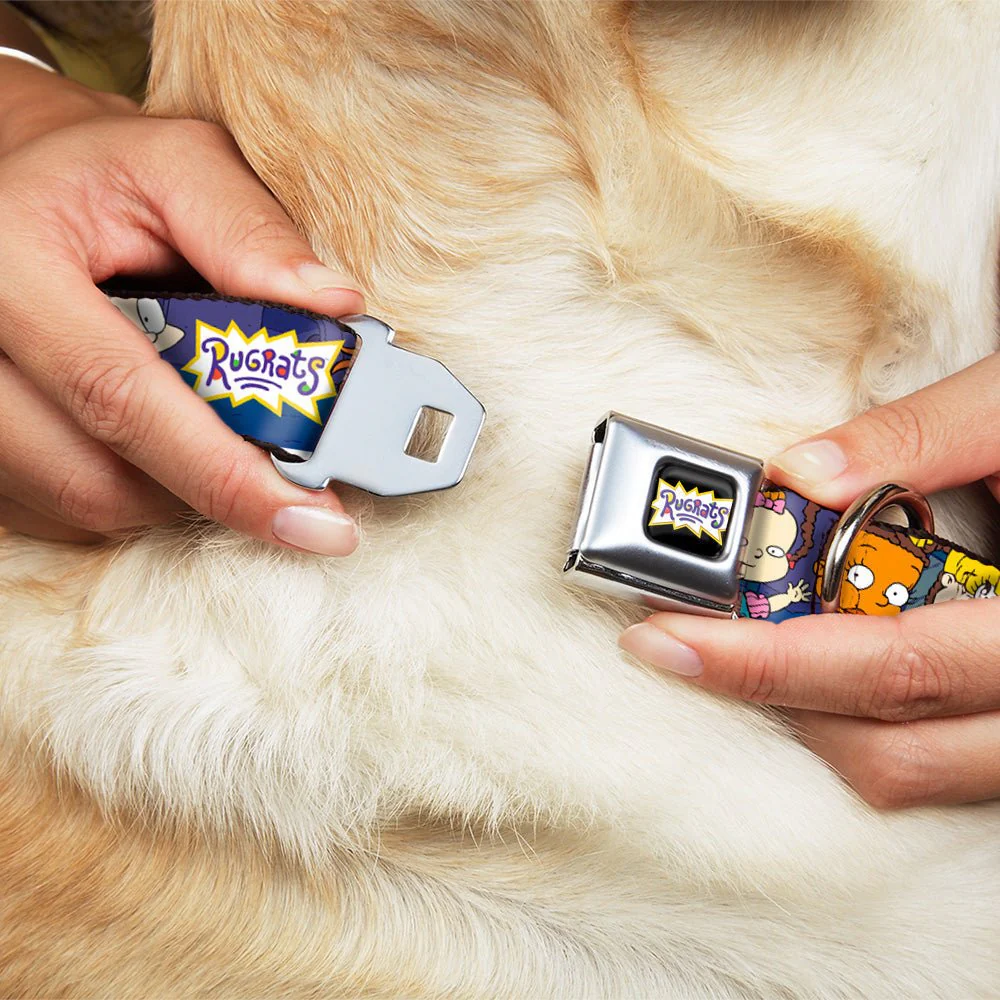Rugrats Group Pose Seatbelt Buckle Pet Collar Merchandise - Image 8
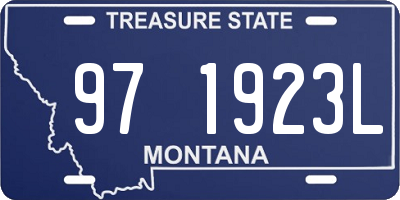 MT license plate 971923L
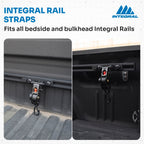 Integral Bulkhead Rail - F150 & Raptor 2015+ (5.5' Bed)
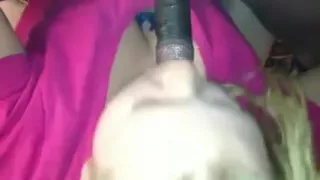 Plumpy Golden-Haired Sucks Dark Cuck Ally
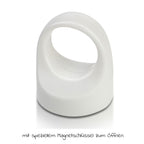 Detalj av magnetlås 4-pack med monteringsmateriell hvit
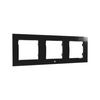 Wall Switch keret Wall Switch kapcsolóhoz 3-es vízszintes üveg fekete kezeletlen WF3-B Shelly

··········

Write out the whole listing verbatim, images excluded.

• SOLUTION BELOW
Rugrats Group Pose Seatbelt Buckle Pet Collar Merchandise - Image 8
 MT license plate 971923L
 Integral Bulkhead Rail - F150 & Raptor 2015+ (5.5' Bed)
 Plumpy Golden-Haired Sucks Dark Cuck Ally
 Detalj av magnetlås 4-pack med monteringsmateriell hvit
 Wall Switch keret Wall Switch kapcsolóhoz 3-es vízszintes üveg fekete kezeletlen WF3-B Shelly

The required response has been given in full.